TASK BRIEF — Reproduced exactly, the lines from the start of the material through the line containing "Genuine Joe Medium-weight" should be the whole answer, with pictures excluded.

DATA EXTRACT —
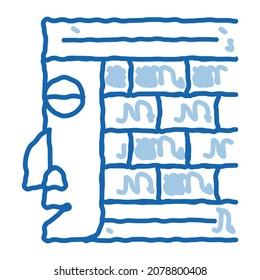 Architectural Element sketch icon vector. Hand drawn blue doodle line art Architectural Element Sign. isolated symbol illustration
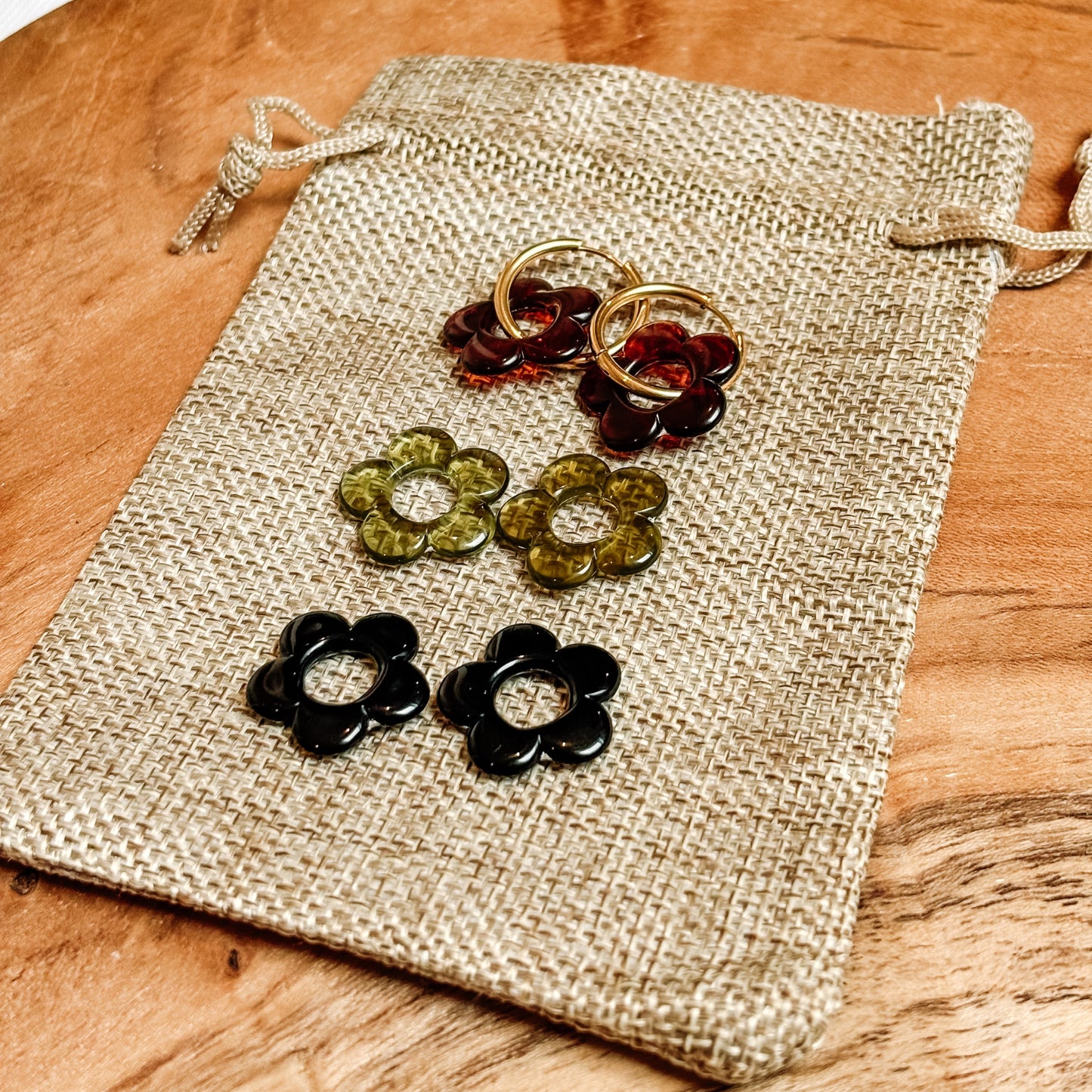 Boucles d'oreilles fleurs interchangeables - SOFIA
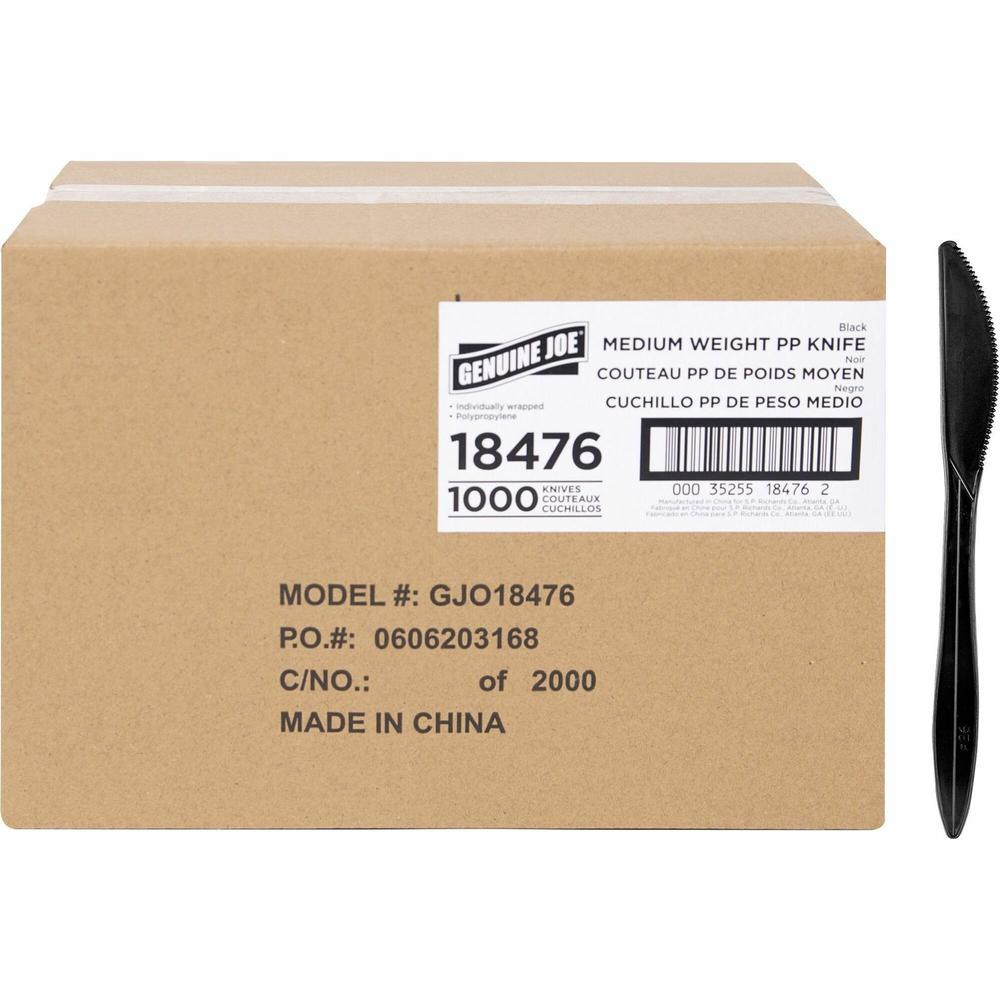 Genuine Joe Medium-weight Individually Wrapped Knives - Knife - Breakroom - Disposable - Black - 1000 / Carton. Picture 1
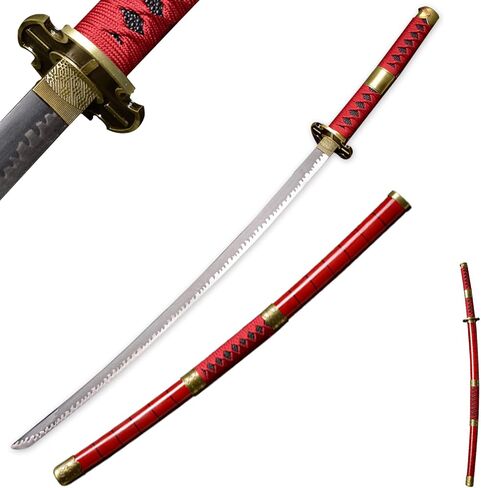 41 inches Stainless Steel Zoro Katana Real Metal Anime Cosplay Sword,Yama Enma/Trafalgar Law/Luffy Kitetsu/shusui/wado ichimonji in Saudi Arabia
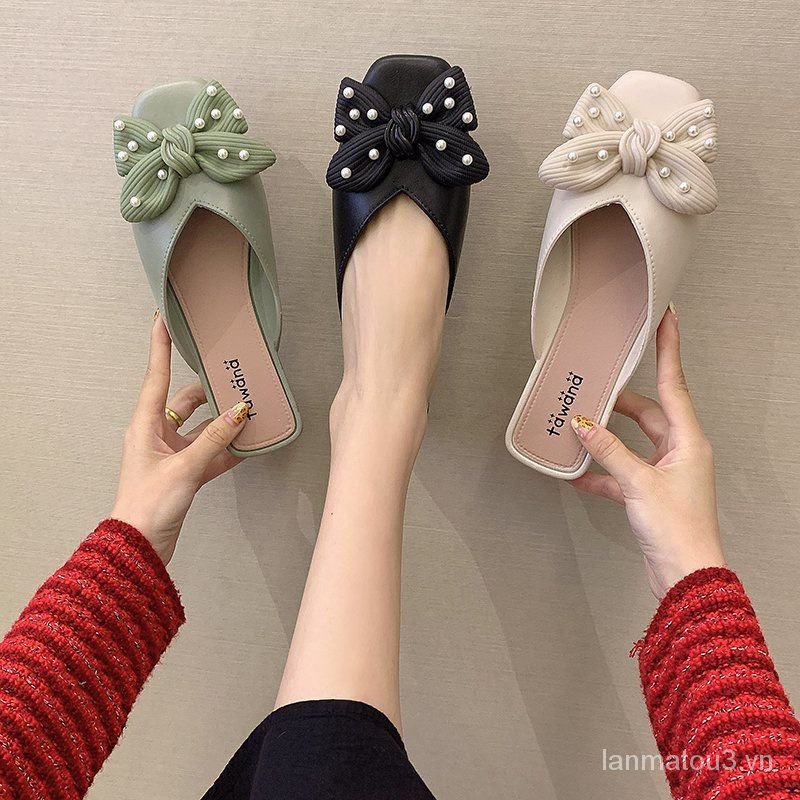 Women's Muller Shoes Slippers Summer Outer Wear Internet Celebrity Toe Cap Semi Slipper Sandals Chanel-Style Lazy Shoes2021Years of the New Shoes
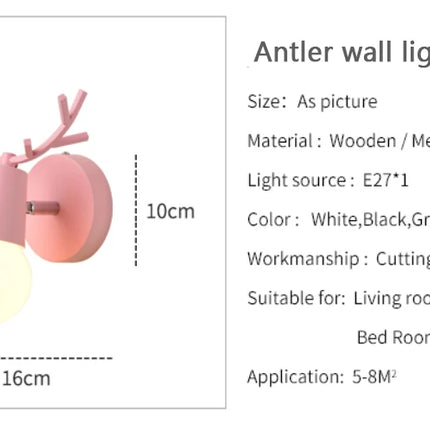 Appliques murales LED réglables en bois de cerf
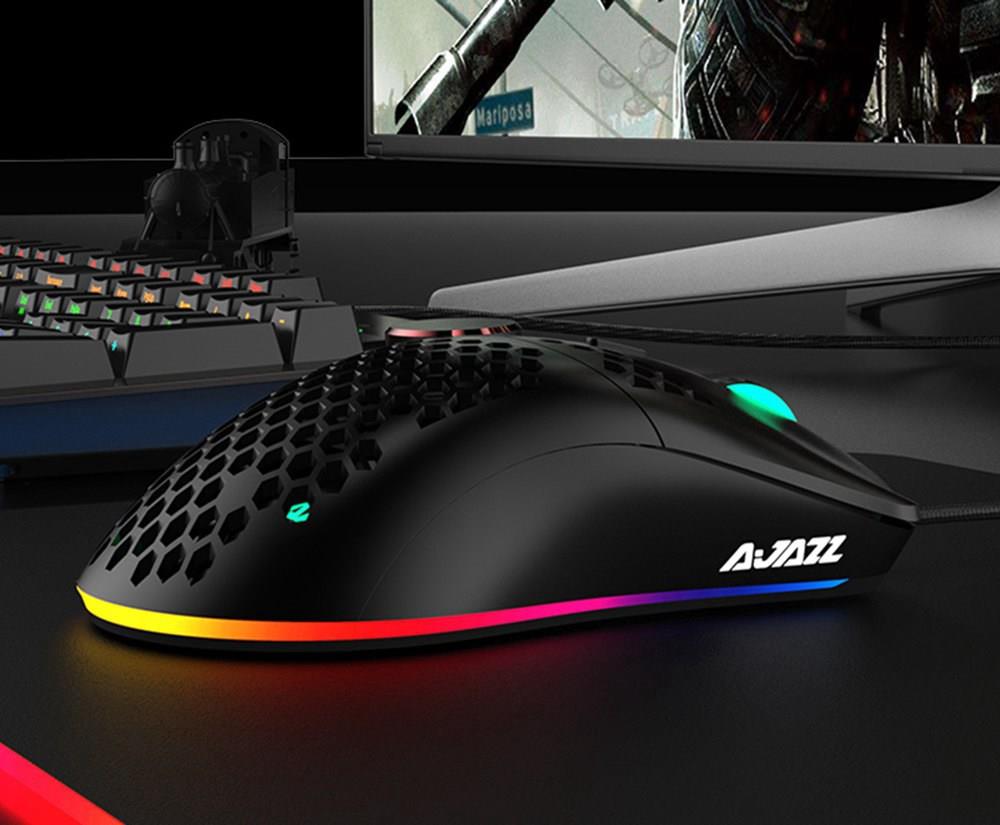 Ajazz AJ390 Ultralight Optical Wired Mouse Hollow-out RGB Light 16000 DPI Adjustable 7 keys - White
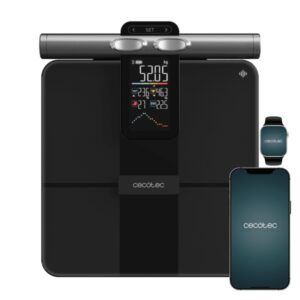cecotec surface precision healthysmart pro bascula corporal hasta 180kg analisis corporal completo 25 parametros 8 sensores pantalla lcd conexion bluetooth color negro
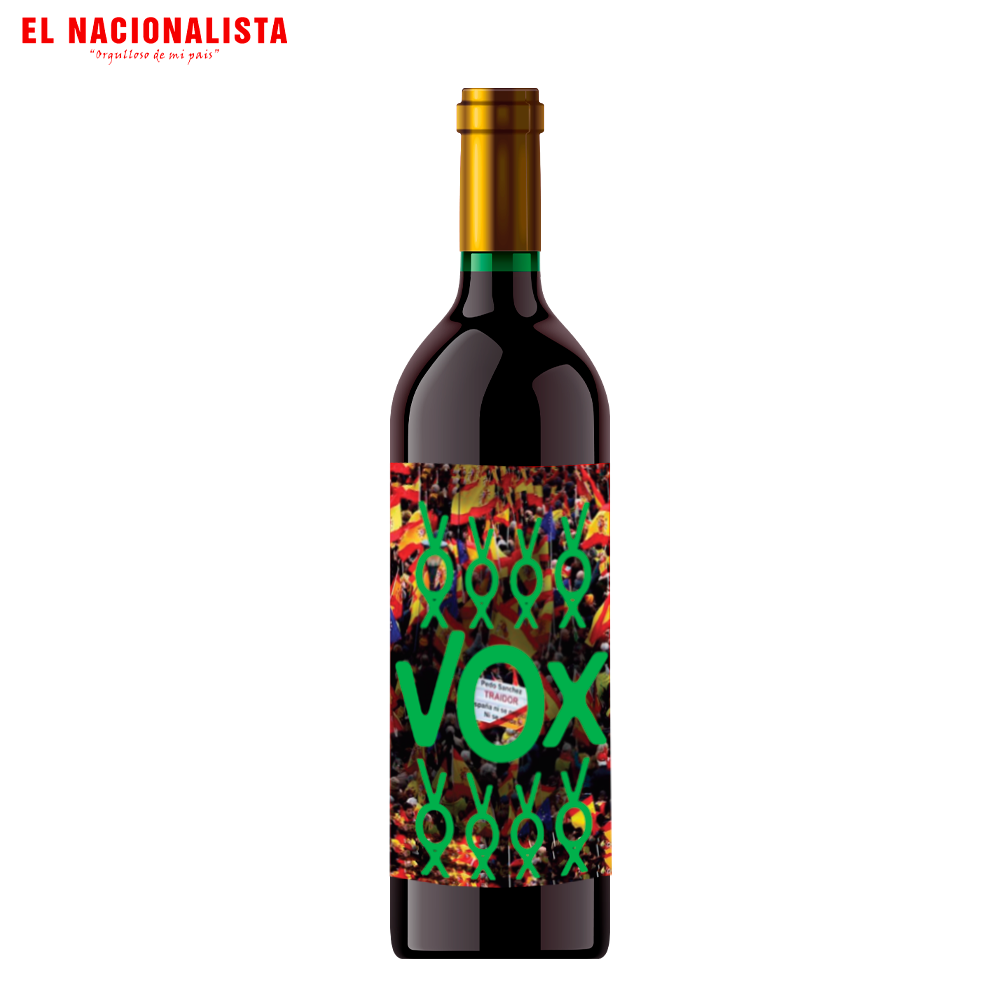 Botella de Vino Dorado Vox con muchos Vox – Edición Especial Vox con muchos Vox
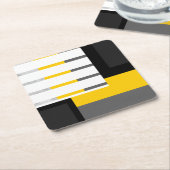 Yellow Gray Black and White Striped Block Kartonnen Onderzetters (Schuin)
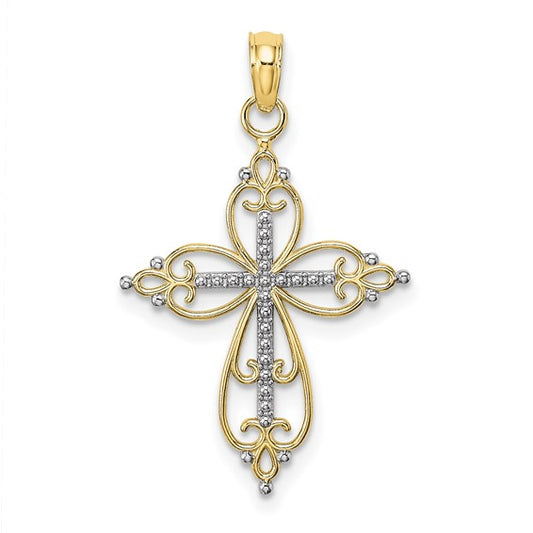 10K with Rhodium Beaded Cross Charm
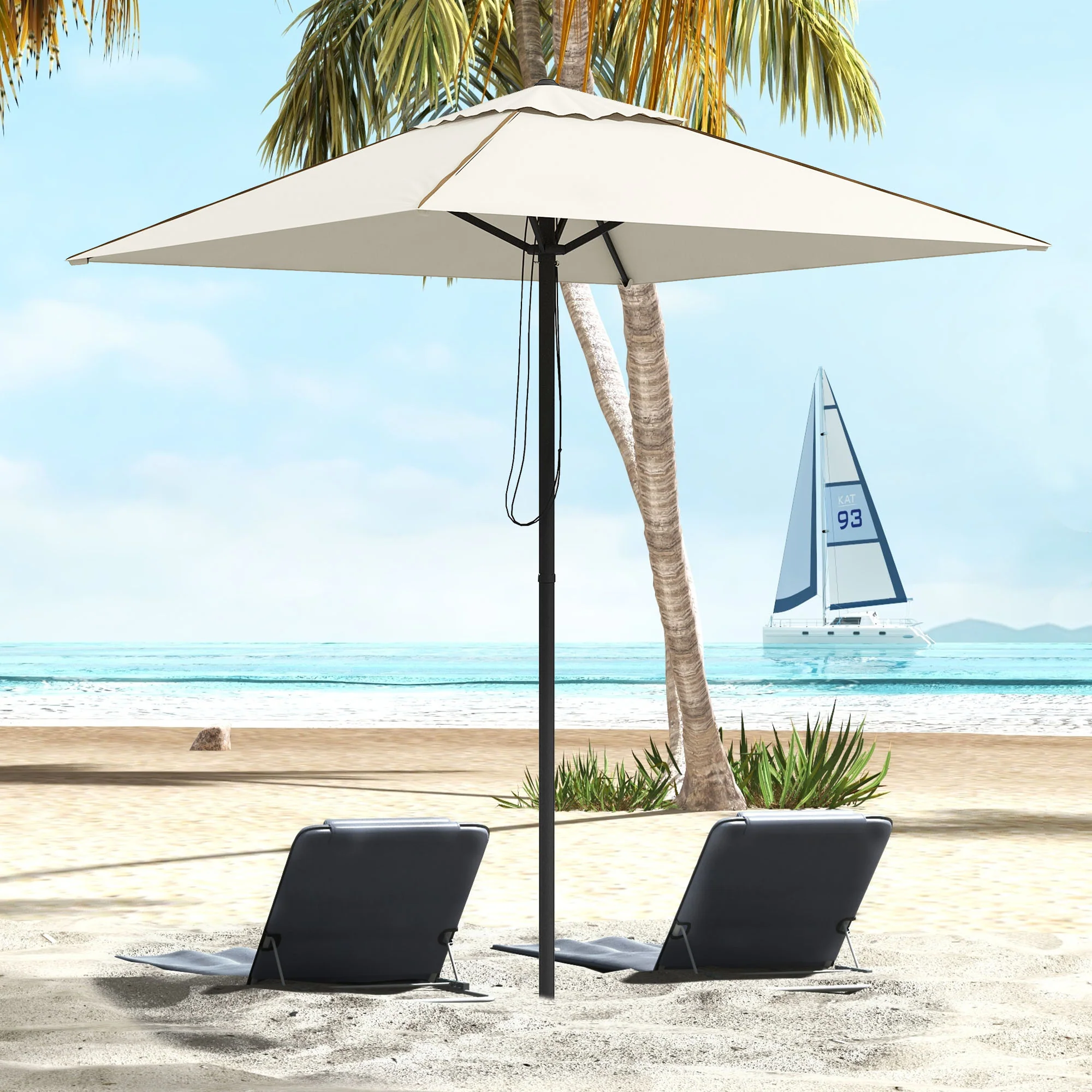 Outsunny Sun Parasol with Vent, Table Umbrella for Patio, Garden, Pool, Grey - Image 10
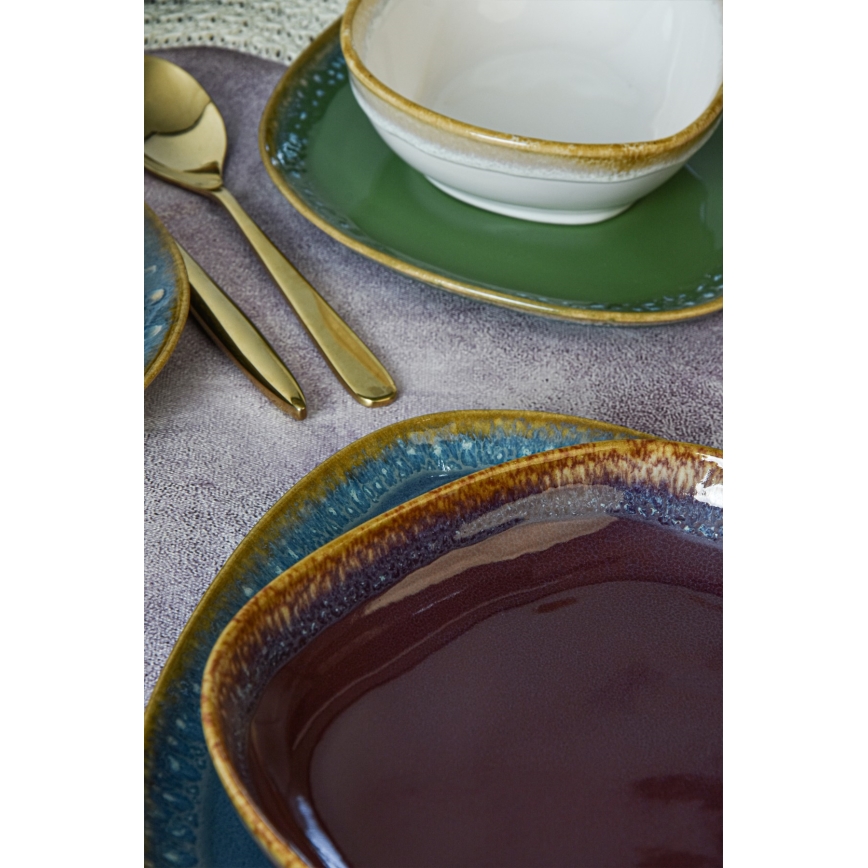 Set de veselă, 24 piese, multicolor/ceramică stoneware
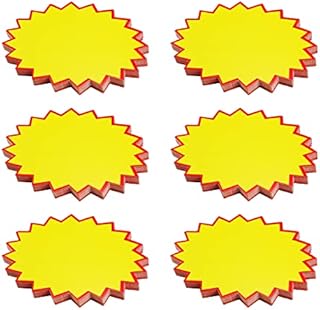 120 Pcs Retail Sale Price Signs, Yellow Star Burst Price Labels, Blank Star Retail Sales Label Tags Cards for Retail Store Supermarket (8*11cm)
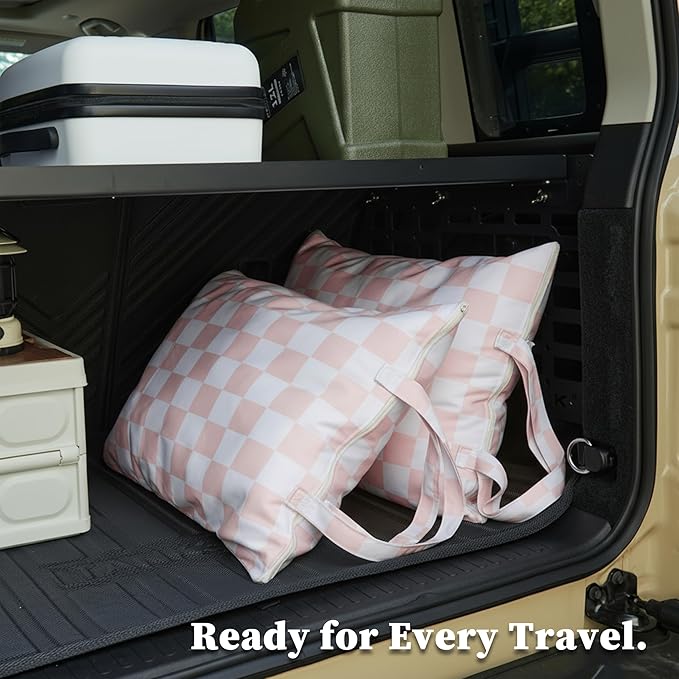 Ohocut Pink Checkered 2 Pcs Large Travel Laundry Bags for Dirty Clothes, Aesthetic Trendy Waterproof Washable Laundry Bag with Handle for Girls Women, Travel, Gym, Swimming Pool
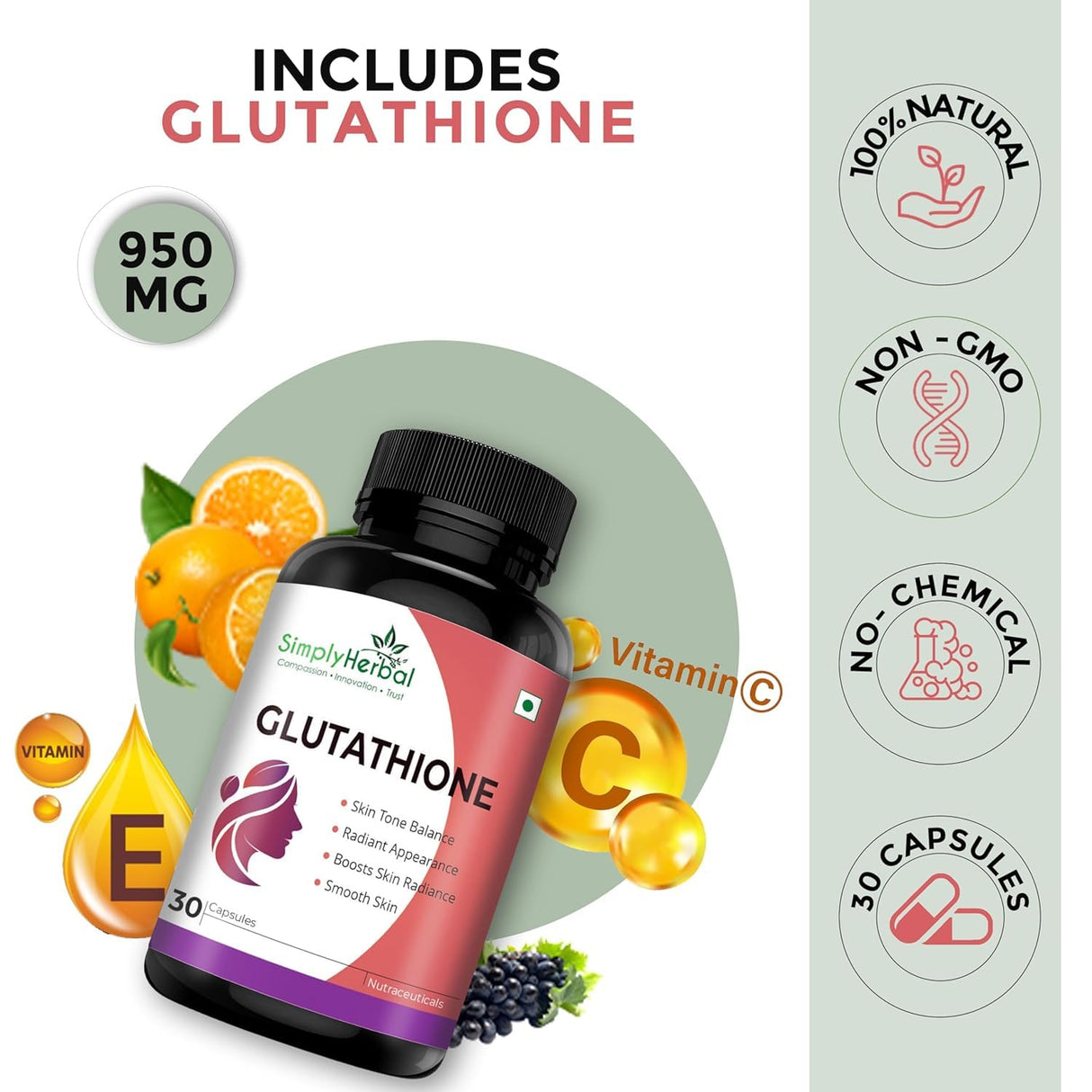 Simply Herbal L-Glutathione 1000mg | Vitamins C & E | 30 Veg Capsules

OUTPUT FOR THIS EXERCISE —
 Architectural Element sketch icon vector. Hand drawn blue doodle line art Architectural Element Sign. isolated symbol illustration
 Boucles d'oreilles fleurs interchangeables - SOFIA
 Genuine Joe Medium-weight Individually Wrapped Knives - Knife - Breakroom - Disposable - Black - 1000 / Carton. Picture 1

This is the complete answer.